→ Recorded data
- - - - - - -

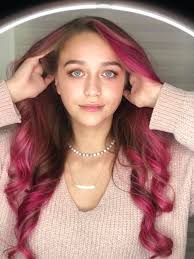 Erin Terry Hair Studio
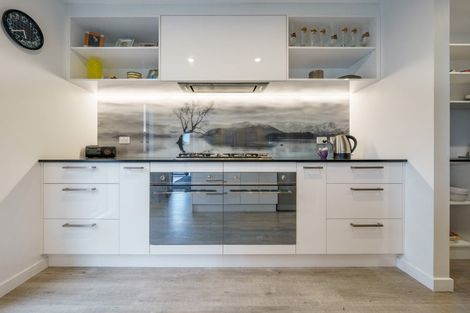 Photo of property in 54 Sherwin Avenue, Albert Town, Wanaka, 9305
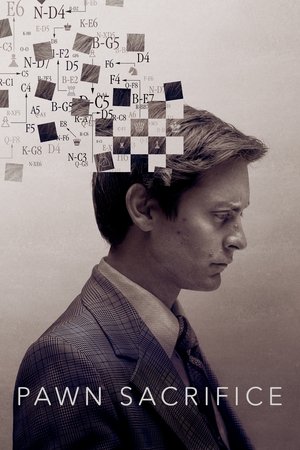 Pawn Sacrifice free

- - - - - - -

→ Exercise details
An exact reproduction of the material above is needed, without its pictures.

→ The completed task
 Erin Terry Hair Studio
 Photo of property in 54 Sherwin Avenue, Albert Town, Wanaka, 9305
 Pawn Sacrifice free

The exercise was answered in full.